The effect of technique failure on outcome in black patients on continuous ambulatory peritoneal dialysis

George C Kim, Edward F Vonesh, Stephen M Korbet
Peritoneal Dialysis International 2002, 22 (1): 53-9

BACKGROUND: We previously reported that, while black patients have a better patient survival than white patients on peritoneal dialysis (PD), they also have a significantly higher technique failure rate (39% vs 8%, p < 0.0001). The purpose of this study was to determine the effect of technique failure/transfer to hemodialysis (HD) on patient survival in black PD patients.

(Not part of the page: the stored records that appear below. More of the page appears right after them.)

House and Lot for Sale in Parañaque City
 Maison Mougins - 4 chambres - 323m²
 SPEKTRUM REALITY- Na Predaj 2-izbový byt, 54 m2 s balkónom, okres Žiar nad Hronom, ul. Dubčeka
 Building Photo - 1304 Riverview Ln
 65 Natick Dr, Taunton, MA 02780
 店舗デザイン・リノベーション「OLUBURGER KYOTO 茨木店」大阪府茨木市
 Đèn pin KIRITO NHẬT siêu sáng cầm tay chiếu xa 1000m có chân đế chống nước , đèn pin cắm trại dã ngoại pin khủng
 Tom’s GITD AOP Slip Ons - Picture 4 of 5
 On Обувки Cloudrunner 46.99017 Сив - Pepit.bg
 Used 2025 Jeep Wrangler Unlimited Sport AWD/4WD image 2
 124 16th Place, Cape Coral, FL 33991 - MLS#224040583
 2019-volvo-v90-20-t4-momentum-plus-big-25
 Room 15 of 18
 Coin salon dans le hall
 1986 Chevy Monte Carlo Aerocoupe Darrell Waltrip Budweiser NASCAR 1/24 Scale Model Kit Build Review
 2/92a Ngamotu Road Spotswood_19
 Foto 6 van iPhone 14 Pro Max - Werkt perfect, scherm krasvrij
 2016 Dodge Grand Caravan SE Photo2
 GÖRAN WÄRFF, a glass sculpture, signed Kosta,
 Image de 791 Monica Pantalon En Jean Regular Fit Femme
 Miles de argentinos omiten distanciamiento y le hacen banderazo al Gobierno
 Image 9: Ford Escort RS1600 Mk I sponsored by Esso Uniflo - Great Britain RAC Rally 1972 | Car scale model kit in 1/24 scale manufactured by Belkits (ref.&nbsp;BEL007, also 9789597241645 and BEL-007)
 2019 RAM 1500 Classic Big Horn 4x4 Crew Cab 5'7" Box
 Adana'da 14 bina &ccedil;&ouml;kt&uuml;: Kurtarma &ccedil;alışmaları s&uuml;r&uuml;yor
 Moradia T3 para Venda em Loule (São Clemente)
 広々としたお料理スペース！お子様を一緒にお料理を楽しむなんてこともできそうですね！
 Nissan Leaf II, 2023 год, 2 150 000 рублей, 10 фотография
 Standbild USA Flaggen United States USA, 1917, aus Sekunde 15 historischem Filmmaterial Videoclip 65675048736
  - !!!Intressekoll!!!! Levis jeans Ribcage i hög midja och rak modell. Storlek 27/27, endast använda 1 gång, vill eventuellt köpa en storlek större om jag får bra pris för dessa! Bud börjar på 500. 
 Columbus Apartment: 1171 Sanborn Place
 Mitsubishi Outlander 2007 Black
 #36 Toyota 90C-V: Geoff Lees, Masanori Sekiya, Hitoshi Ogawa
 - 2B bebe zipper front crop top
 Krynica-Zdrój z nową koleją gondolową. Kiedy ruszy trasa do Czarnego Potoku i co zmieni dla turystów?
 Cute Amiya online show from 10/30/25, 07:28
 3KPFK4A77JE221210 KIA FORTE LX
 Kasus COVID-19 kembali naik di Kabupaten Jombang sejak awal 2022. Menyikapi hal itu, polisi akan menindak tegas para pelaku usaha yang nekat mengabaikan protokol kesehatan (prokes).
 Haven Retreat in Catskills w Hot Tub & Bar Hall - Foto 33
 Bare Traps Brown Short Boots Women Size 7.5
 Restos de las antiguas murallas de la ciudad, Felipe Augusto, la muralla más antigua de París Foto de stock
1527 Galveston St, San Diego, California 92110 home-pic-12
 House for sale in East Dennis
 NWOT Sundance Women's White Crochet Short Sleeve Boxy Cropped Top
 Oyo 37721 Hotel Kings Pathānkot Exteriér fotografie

METHODS: We retrospectively evaluated 137 incident black patients entering our PD program from January 1987 to December 1997. During the course of follow-up, 82 (60%) patients remained on PD (PD group) while 55 (40%) patients were permanently transferred to HD (PD-HD group). The primary outcome measured was patient survival.

RESULTS: Average age was 49 +/- 15 years, 42% were male, and 40% had diabetes mellitus. At baseline, serum creatinine was 10.8 +/- 5.4 mg/dL, serum albumin 3.4 +/- 0.7 g/dL, body mass index 27.3 +/- 6.5 kg/m2, peritoneal transport status was high in 18% and high-average in 61%, and residual glomerular filtration rate was 3.4 +/- 3.5 mL/minute. There were no significant differences in clinical features, nutritional status, peritoneal transport, residual renal function, or dialysis adequacy at baseline between the PD group and PD-HD group. While a greater proportion of patients transferring to HD had cardiac disease (53% vs 32%, p < 0.05), there were no other significant differences in 15 comorbid conditions assessed at baseline. The primary reason for transfer was peritonitis (64%) and the overall peritonitis rate in the PD-HD group was significantly higher than in the PD group (2.21 vs 1.17 episodes/patient-year, p < 0.0001). Overall follow-up was 34 +/- 25 months for PD group and 44 +/- 26 months for PD-HD group (p < 0.01), with a mean time on PD prior to transfer to HD of 22 +/- 18 months. During the course of follow-up, there were no significant differences between the two groups in the number of patients transplanted or deaths. Patient survival at 1, 2, and 5 years was 91%, 80%, and 57% for PD group and 96%, 92%, and 55% for PD-HD group [p = not significant (NS)]. A risk-adjusted time-dependent Cox regression analysis resulted in an adjusted relative risk of death that was not significantly different for those who transferred from PD to HD versus those who remained on PD (relative risk 1.49; 95% confidence interval 0.77-2.89; p = NS).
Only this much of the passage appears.